Yesterday afternoon found me sitting in a window seat at the North End’s Caffé Graffiti, enjoying a Campari and soda after a day of wandering about in the sultry heat. I was casually reading my book on Buddhism in America, but mostly I just stared out the window at the people walking by. My “artist” friend was out on the street, and he stared at me like he knew me for a bit before he rode off on his bicycle. Oh well. He wouldn’t have approved of my choice of reading material anyway.

Although I had dressed for the weather in a tank top and loose skirt, the muggy afternoon did its sweaty work. My skirt clung to my legs. Other caffé patrons fanned themselves, and people walked around outside dazed by the sun stupids. Ah, I thought, sipping my drink, Summer.

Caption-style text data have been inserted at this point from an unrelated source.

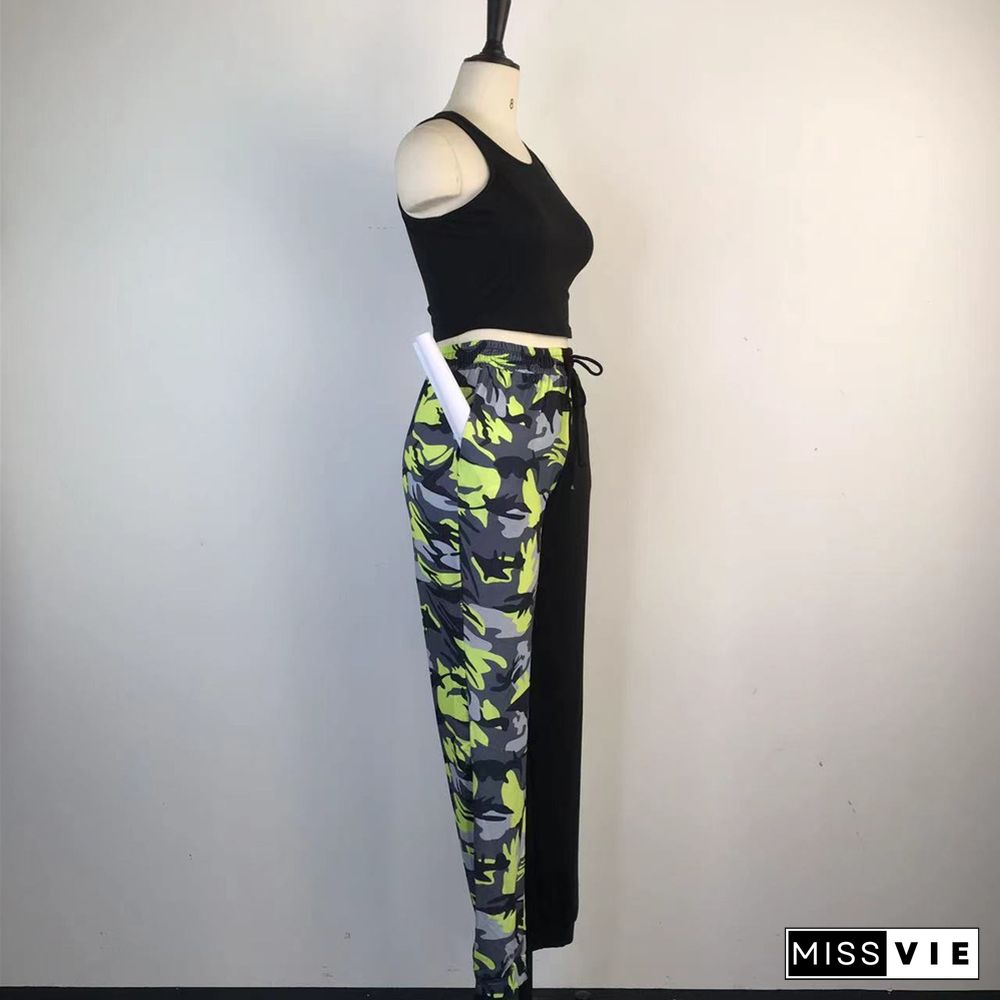 Crop Tank Top And Camouflage Print Pants Outfits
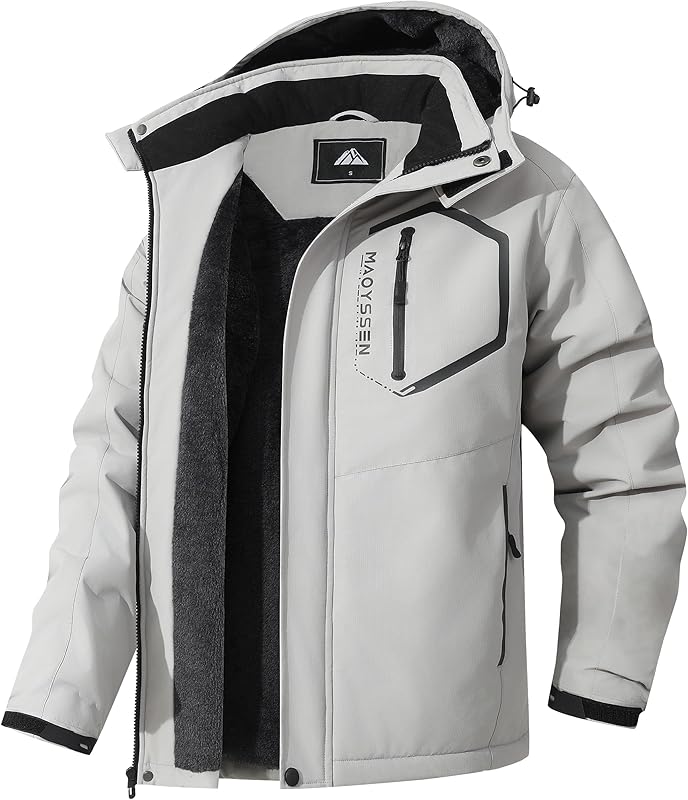 Men's Mountain Ski Jacket Winter Snow Coats Waterproof Warm Fleece Lining Jacket Parka with Hooded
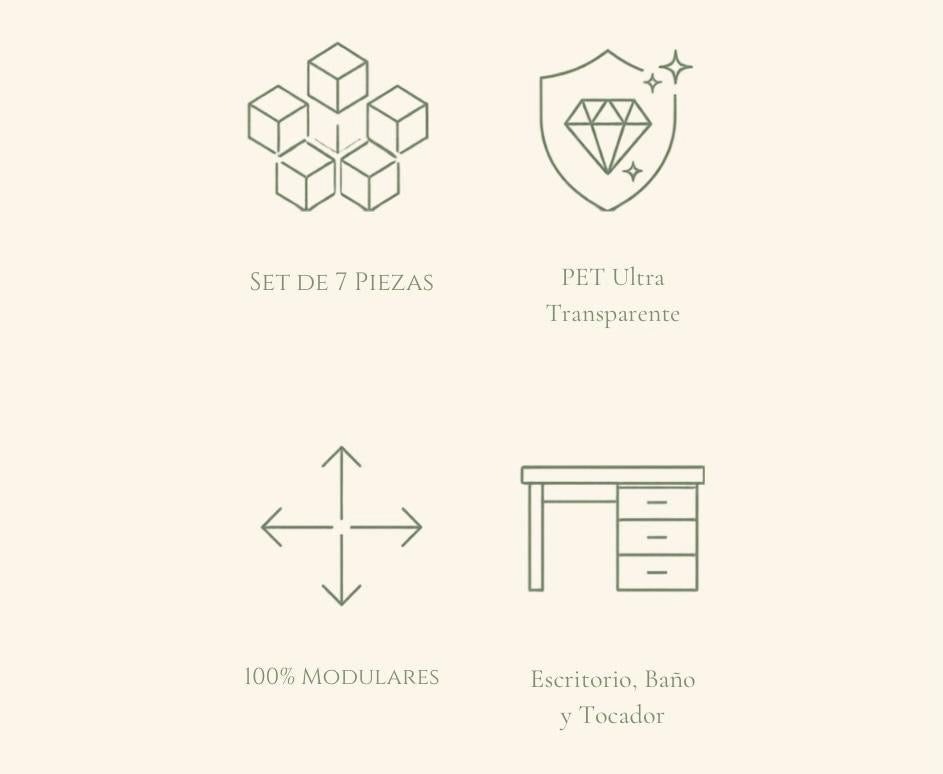 Siete piezas modulares de PET transparente para cajones, escritorio, baño y tocador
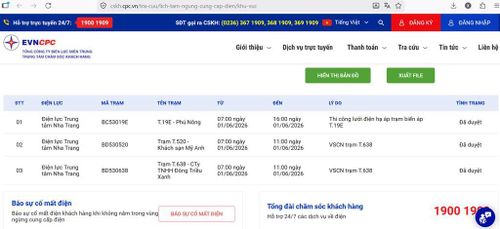 Thông báo lịch cắt điện ở Nha Trang, tỉnh Khánh Hòa ngày 1/6 cập nhật lúc 12h42 phút ngày 31/5 từ Tổng công ty Điện lực miền Trung thông báo trên website EVNCPC. Ảnh: BNEWS/TTXVN
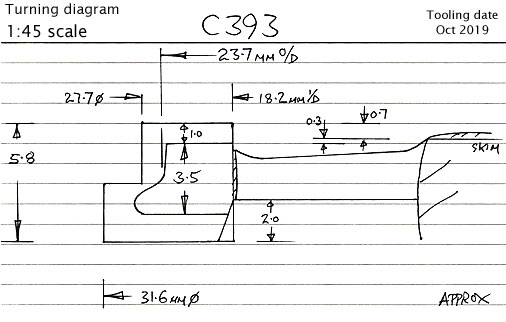 Cross section diagram of casting C393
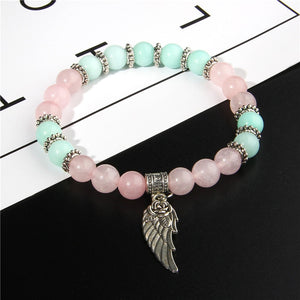Bracelet 'Présence Angélique' - Quartz Rose & Amazonite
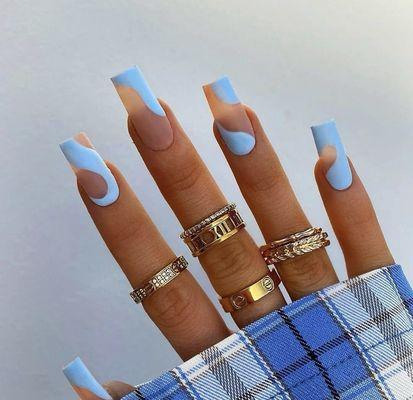 The New Wave! Short tapered square nude with baby blue polish cured for effect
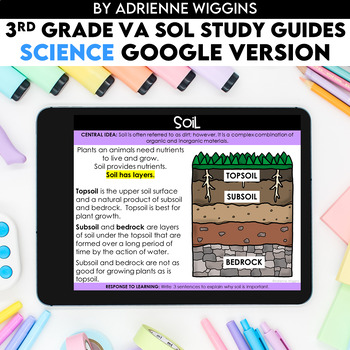 Preview of 3rd Grade Science VA SOL (Google Classroom) Study Guides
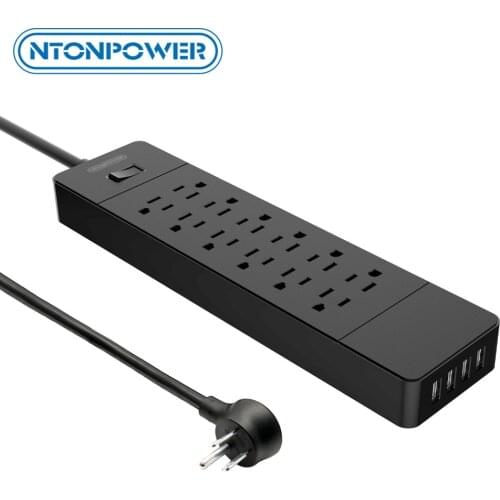 NTONPOWER USB Power Strip Surge Protector US Plug 12 AC Outlets USB Charger 4 Ports, Hanging Slot for Mounted, 1.5M Power Cord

Summer comes to me in moments, moments where my present fuses with all of those Summer moments of the past. It’s a lazy and shocking realization, if that makes sense.

My most powerful Summer moment, and the one that I was suddenly in, happened in time six or seven years ago while swimming in a lake in New Hampshire.

After a night out at a Portsmouth bar, listening to a band and dancing, my friends and I had driven out in my best friend’s convertible to friends’ place—an old summer camp transformed into a sort-of commune—to go skinny dipping at the lake. We often wound up there on hot summer nights.

Among the usual group, we had a guy with us, a guy my best friend had a crush on. He’d asked me to dance with him at the bar, and I had, thinking that he would dance with all the women. He hadn’t; I think I was the only one he’d asked. Although he was originally from the area, he lived in Chile most of the year, leading mountaineering groups in the Andes. This exotic adventurous spirit combined with his intense brown eyes made us all a little bit in love with him, but friendship is friendship, and my friend had met him first. The rest of us just joked with him in the car and smiled knowingly at our friend.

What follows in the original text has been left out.